Since last Sunday, plenty of ink has already been spilled following the death of Justice Antonin Scalia, who had served on the United States Supreme Court since 1986. Following the obituaries, newspapers, law journals and political commentaries will be filled for the next few weeks with evaluations of his judicial legacy, the consequences of his death for the court, and its impact on the current presidential election in the United States. Already the New York Times and the Washington Post are filled with speculation about the latter two and editorials about the first.

The easy, obvious point to be made is that he was one of the most influential jurists of his age, emphasizing a form of originalist interpretation of the US Constitution that has gained prominence, particularly among conservative jurists in the US, but which has become an accepted approach for progressives, as well.

The other parts are a matter of greater speculation.

Let’s start with the legal implications.

During the interim, before Justice Scalia’s vacancy is filled, there will be only eight justices on the court. While it will now be more likely that the justices will divide evenly on difficult cases, Justice Kennedy will remain the swing vote, providing a fifth vote for a majority of progressive justices (Ginsburg, Breyer, Sotomayor and Kagan), and remaining with the conservatives (Thomas, Roberts and Alito) in tie votes, which will leave the lower court’s judgment in place and will not operate as binding precedent on lower courts. In effect, there is no longer a conservative majority, although there can be a progressive one, if Kennedy decides to join in.

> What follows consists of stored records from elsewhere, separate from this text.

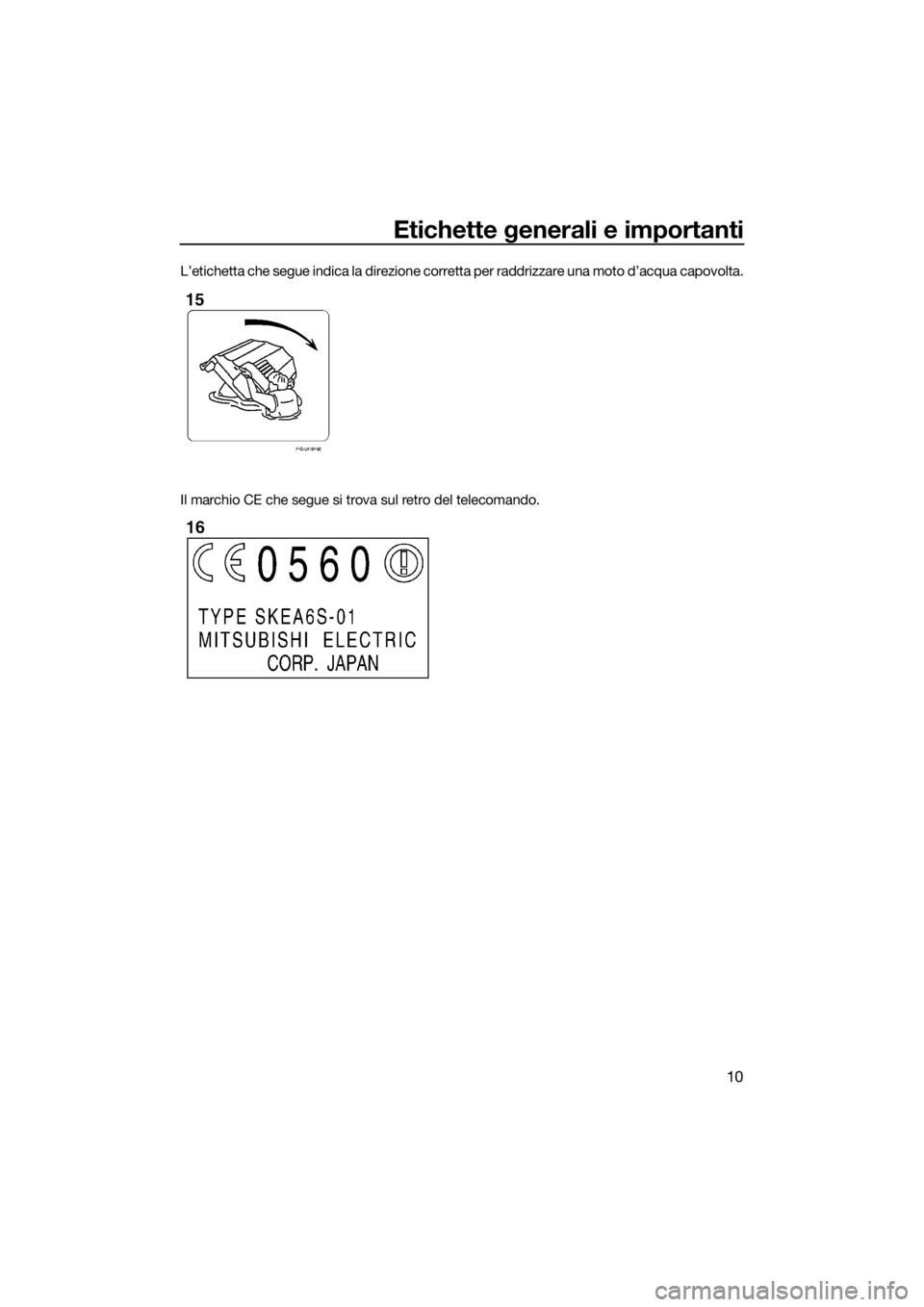 YAMAHA FZS SVHO 2016  Manuale duso (in Italian) Etichette generali e importanti
10
L’etichetta che segue indica la direzione corretta per raddrizzare una moto d’acqua capovolta.
Il marchio CE che segue si trova sul retro del telecomando.
UF3K72
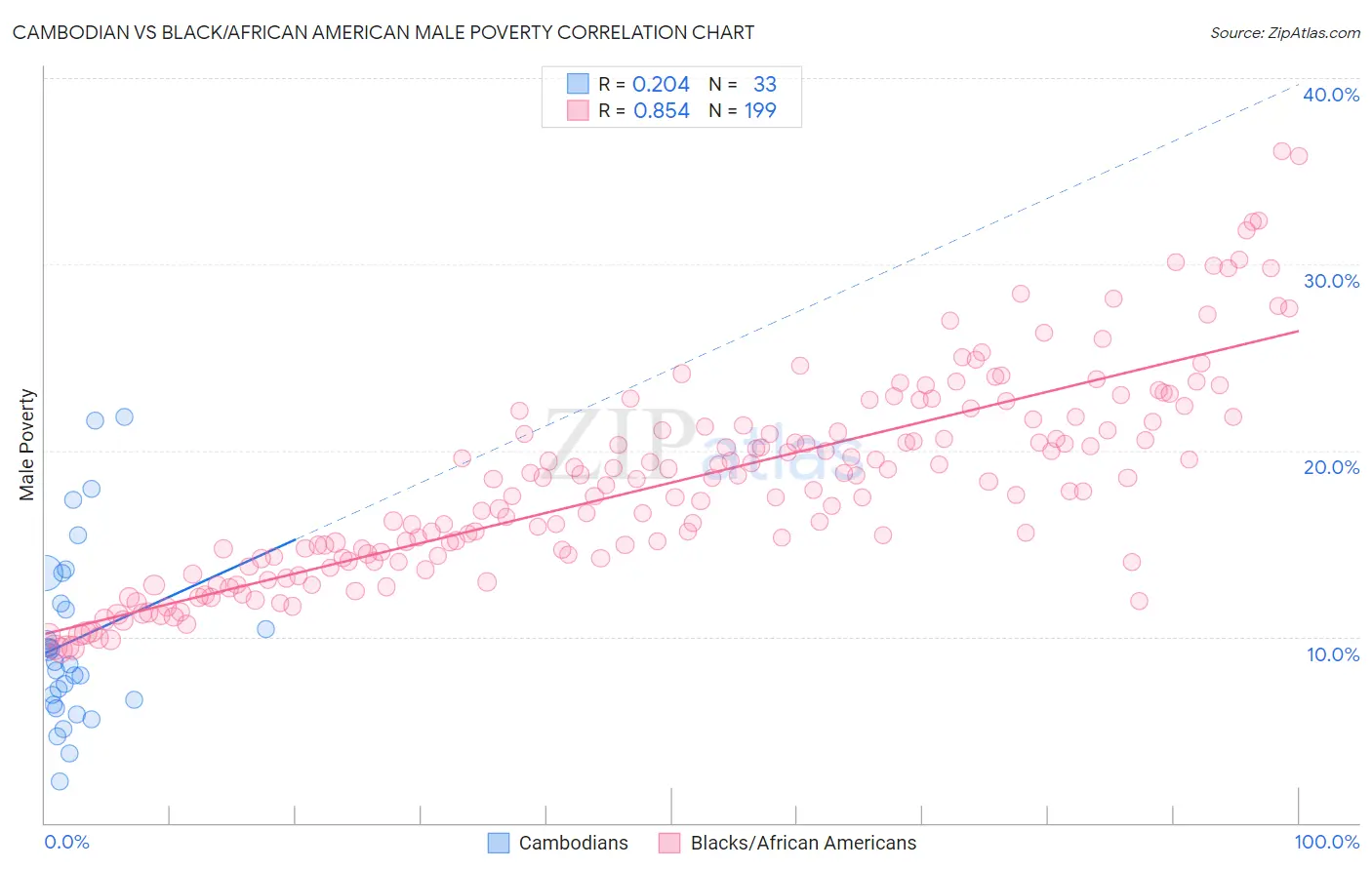 Cambodian vs Black/African American Male Poverty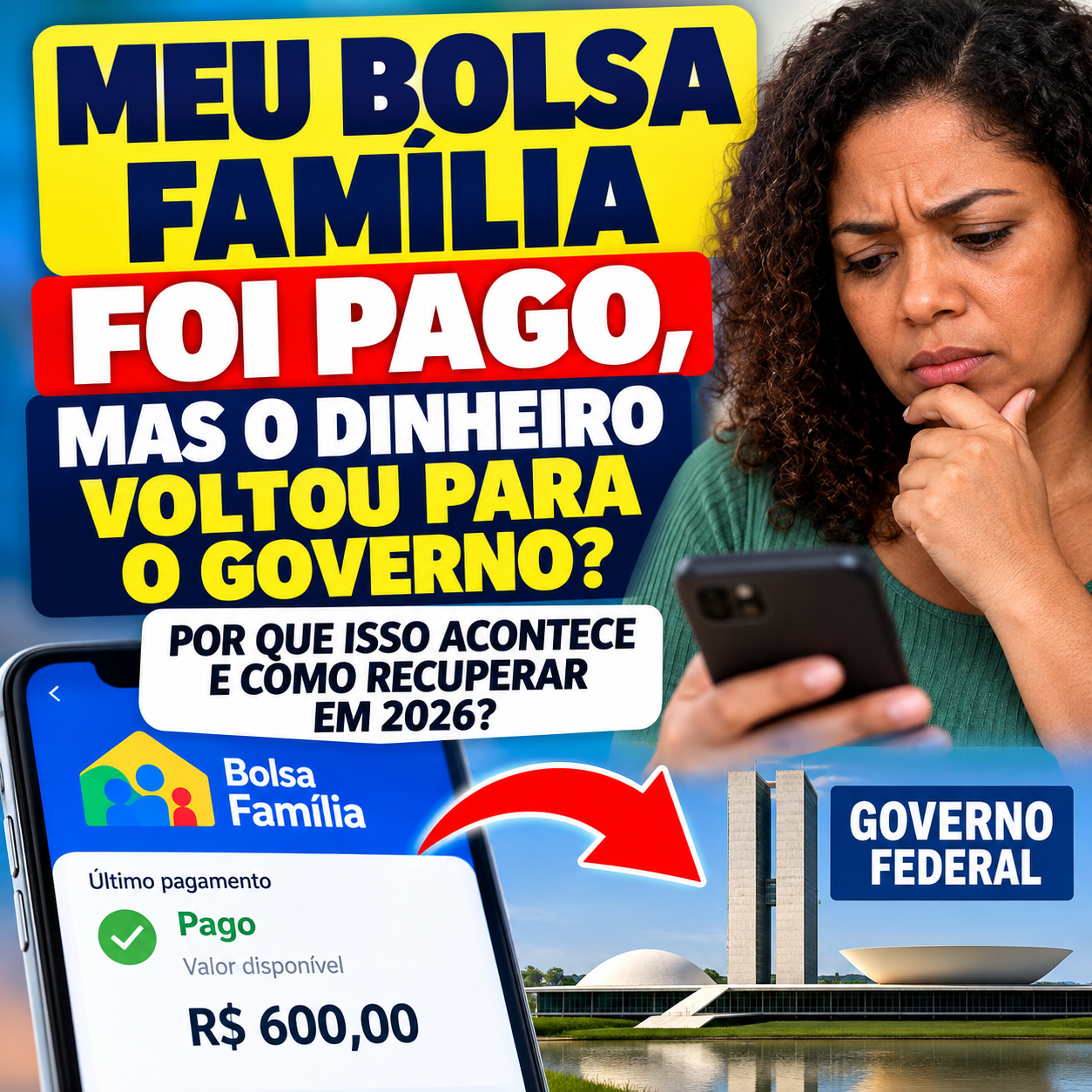 Meu Bolsa Família Foi Pago, Mas o Dinheiro Voltou Para o Governo: Por Que Isso Acontece e Como Recuperar em 2026?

The court is hearing a number of high-profile cases this term, and the political implications for those decisions depend on the status of the case coming from the lower court. Whole Women’s Health v. Hellerstedt (No.15-274) involves a Fifth Circuit decision approving a state law that virtually eliminated abortions in Texas. Unless Justice Kennedy can be convinced that Texas has effectively outlawed abortion by imposing onerous regulatory requirements (thereby violating the Fourteenth Amendment), he will stick with the conservatives, and the Fifth Circuit’s decision will remain in place: a conservative win, but one of no precedential value. In Tyson Foods v. Bouaphakeo (No. 14-1146) a different court of appeal agreed that a class of workers could be certified as a group to pursue their members’ claim that they should have been paid for the time when they were putting on safety equipment. A tie vote would leave the plaintiffs’ damage award in place: a victory for the progressives. One possibility is that cases that are close will be held over for re-argument in the court’s October 2016 term. That option carries uncertainty for both sides, as it depends both on who is elected, on whom they nominate and on whom the Senate approves.

Meanwhile, the politics is even more unpredictable.

In terms of the presidential election, the justice’s death has already brought about a re-focus on the importance of the president’s role in appointments to the court. This aspect of the president’s job had been all but ignored in the primaries, although it was certain to become an issue in the general election. Following a brief waffle by Jeb Bush on Sunday night, all of the Republican candidates have followed Senate Majority Leader Mitch McConnell, who has said that the Senate will not approve a nominee until after the next president takes office. In the past, the Senate deferred to the president’s choice of justices, as well as other federal judicial officers, but since the Nixon administration that deference has declined and appointments have been seen as more political, particularly following the Senate Judiciary Committee’s hearings on the appointment of Clarence Thomas. This means that Republican senators who could face a primary challenge (from the right) have a strong incentive not to cooperate and approve a nominee before next year. Moreover, when the Senate changed its filibuster rules in 2013, so that judicial nominees were exempt, the change did not extend to Supreme Court nominees. Those nominations still require 60 senators before they can move to a floor vote.

But more importantly, Justice Scalia’s death concentrates the minds of both Democrats and Republicans on the fact that the justices are relatively old. The median age of those on the court (before Justice Scalia’s death) was 67 years, 7 months (Justice Thomas), and two other justices (Ginsburg and Kennedy) are close to Justice Scalia’s age (82 years, eleven months and 79 years, six months, respectively). Only three (Sotomayor, Roberts and Kagan) are under the traditional retirement age of 65.

In the past few days, a few trial balloons have been sent up about how odd it is to wait for justices to die before replacing them. Mutterings can be heard (of varying levels of seriousness) that the United States should move to extended, fixed terms for Supreme Court justices, of 18 years, staggered so that each president would be entitled to appoint two per term. Unlikely as this seems, it might make sense both in terms of reducing the partisanship of the court’s judges and in terms of depoliticizing the process of selecting them.